Individual rights in the United States are based on the notion that these rights will not endanger other people. Failure to vaccinate oneself cannot be a right because it necessarily endangers other people. Choosing not to vaccinate doesn’t merely put yourself or your child at risk, but puts the rest of society at risk.

The greater the number of non-vaccinators in a given group, the greater the risk of an outbreak in the community. But so what? Only those who have chosen not to vaccinate will be at risk—they made their choice, right? Wrong. Students with immune deficiencies, people who have received transplants, young children, and others are at risk because they either cannot receive vaccinations or those vaccines have been rendered ineffective by other medical issues. A choice not to vaccinate directly impinges on these peoples’ right to live.

If a newborn baby dies because a non-vaccinated person gave them a preventable disease, has a murder occurred? Perhaps the irresponsible parents who willingly put the lives of other people’s children at risk ought to be charged for that crime.

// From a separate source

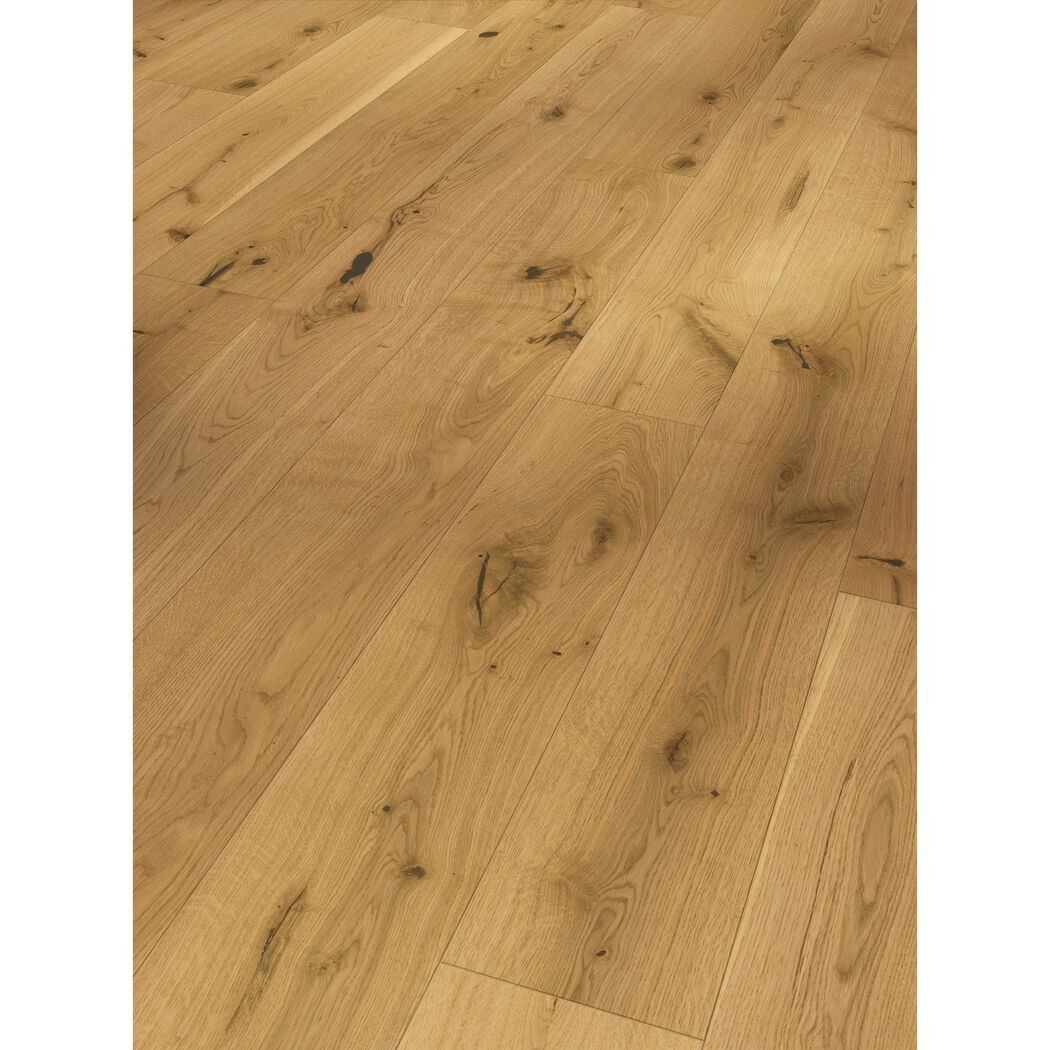 Heller Holzboden, Parkett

In many places in the United States, there are laws that prevent the carrying of concealed weapons, the dumping of toxic waste, reckless driving, and smoking in public places. These are health and safety hazards for society, and thus government is able to make laws that inhibit personal rights in favor of the safety of society. While states do require vaccination, many allow philosophical and religious objections. This is not the case, however, for the other health and safety measures above. Objections should not be permitted for vaccination.

Until states do not permit vaccination objections, the 5Cs ought to introduce their own policy requiring all incoming students to be vaccinated without exception. It is the colleges’ responsibility to keep everyone on campus as safe and healthy as possible, and that includes making sure everyone is vaccinated.